I heard somebody say on a YouTube video recently that part of the value of a mother to a baby is that she’s the first ‘other person’ the baby experiences in his or her new life. Sounds profound, doesn’t it? But is it true?

Not usually. The first other person a baby experiences is usually a midwife, a doctor, a paramedic, or a policeman in an emergency. And in America they charge the poor parents a fee to allow the mother to be, at best, only the second person the baby experiences as other. I believe they call it something like a 'skin contact' charge.

You know, I’m surprised that some American entrepreneur hasn’t developed a device to take the oxygen out of the atmosphere, then they could charge everybody to have a continuous supply of oxygen tanks strapped to their backs. If Trump only had a brain, he’d probably be working on it right now.

Tuesday, 13 May 2025

Mill Lane Bits and the Mystery Maiden.

I saw three swallows flying above Mill Lane today. ‘One swallow does not a summer make’ says the old adage. Maybe three do.

Walking north along Mill Lane gives a comprehensive view of the Weaver Hills, a final outcropping of the Pennines before the land descends southward to the Trent valley. In the years I’ve lived here I’m sure I’ve never seen them look so bare and brown, presumably because we’ve had the driest spring in Britain for sixty nine years.

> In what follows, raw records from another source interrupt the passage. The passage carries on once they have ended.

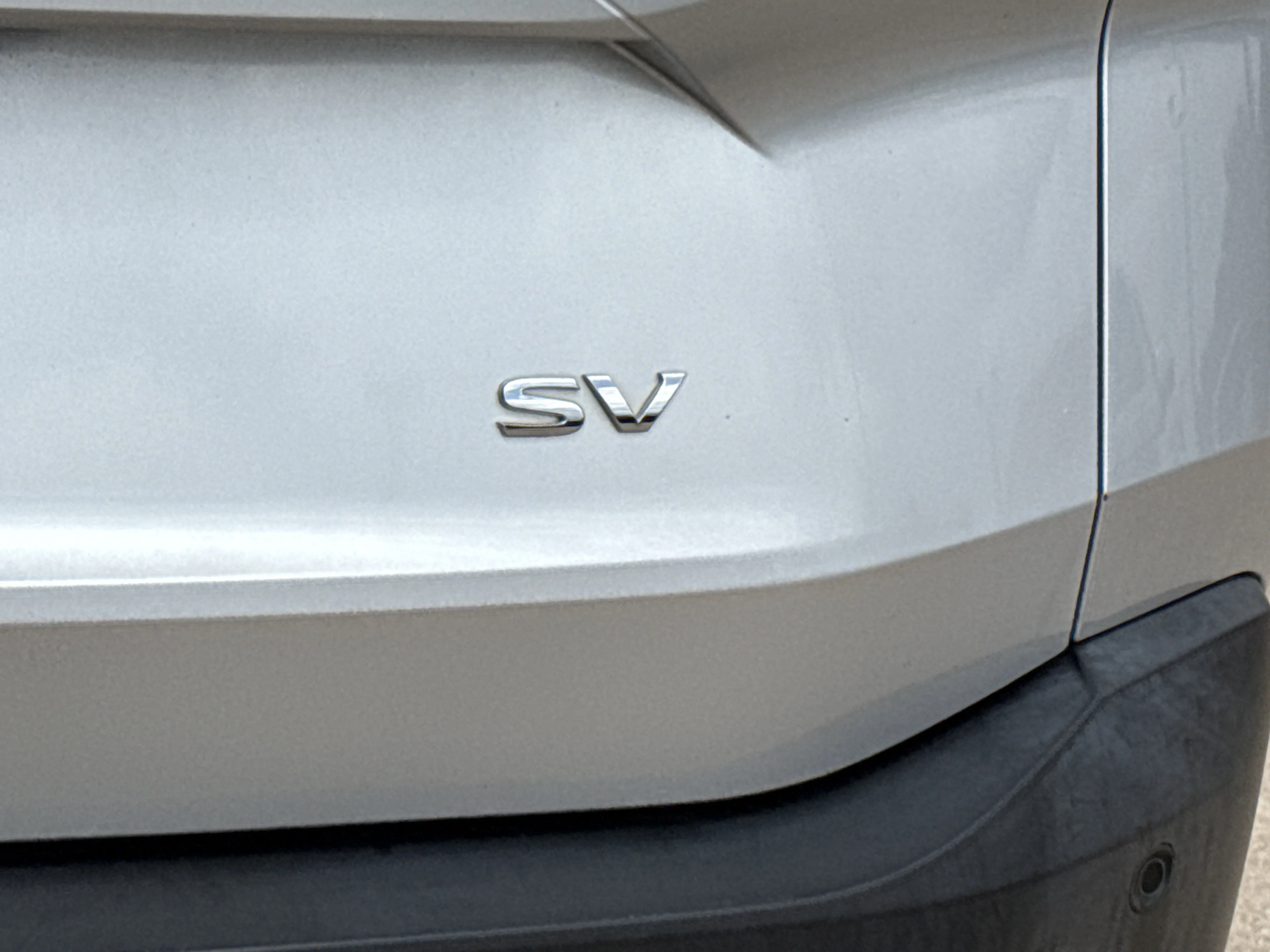 Used 2021 Brilliant Silver Metallic Nissan SV image 9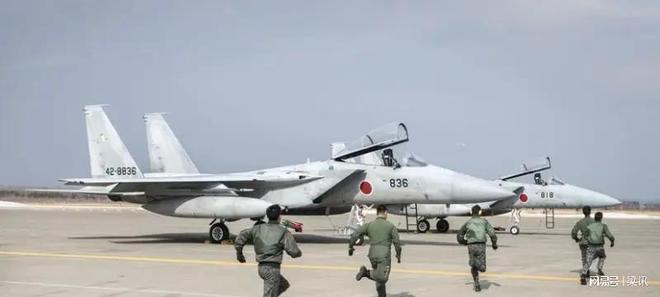 舰被歼15电磁压制霸气驱离？纯假的！九游会·j9网站日本F15飞越辽宁(图8)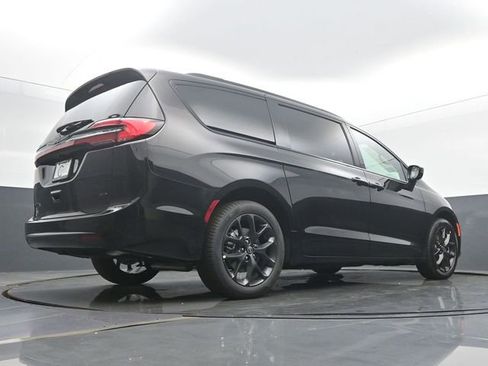 New 2026 Chrysler Pacifica Select w/ S Appearance Package image 52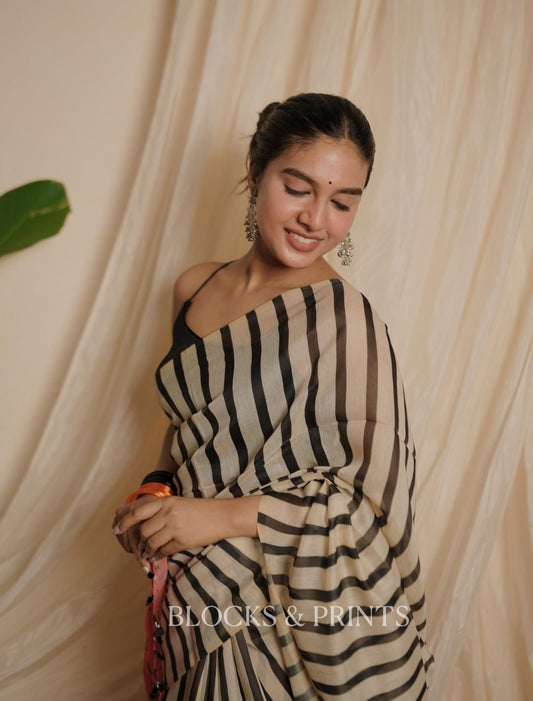 Silk Saree (Code - 120 SS)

Paradoxically, however, the barley growing in several fields alongside the lane is a very healthy bright green and growing well, with fully formed ears and beards. The blue-green wheat in other fields is showing no sign of ears yet, but it looks happy enough. And the maize seed which was sown a week or two ago is already germinating.

The hawthorn trees and bushes have been unusually heavily stacked with May flowers this year – in Mill Lane and everywhere else (which fact would be worth a post of its own, given the magnificent sights it’s produced.) What’s odd is that second showings are appearing which I don’t remember happening before. Maybe hawthorn likes dry springs. If I’d been aware of that sort of thing as a young lad I would have kept notes and would probably know by now.

And then there’s the mystery maid of Mill Lane who I’ve now seen twice. I first saw her about two weeks ago and at first thought it was the Lady B: same slender build, same height, same elegant, upright walk, same shoulder length dark hair. We were walking in opposite directions, and as we passed I saw that she was probably about fifteen years younger than said Lady. I intended to offer a greeting but she declined even to look at me, much less speak. And so I walked on (because gentlemen don’t accost young ladies – unless they have a dog with them, of course – but merely invite them to speak if they so wish.)

Today I saw her again, only she was following me this time. And she continued to follow me almost to the end of the road. When I stopped to talk to the sheep in the little paddock where the white pony used to be, I looked over my shoulder to see that she’d turned tail and was walking back the way she’d come. Evidently she had no intention of entering my orbit and saying ‘isn’t it a wonderful day, and did you see the three swallows flying above the lane earlier?’ Maybe she dislikes men. Maybe she dislikes old men. Maybe she’s been told that I’m the village weirdo and might behave unpredictably (though surely not inappropriately, surely not that; I’ve never given anybody the slightest hint of a reason to suspect I might be that sort of weirdo.)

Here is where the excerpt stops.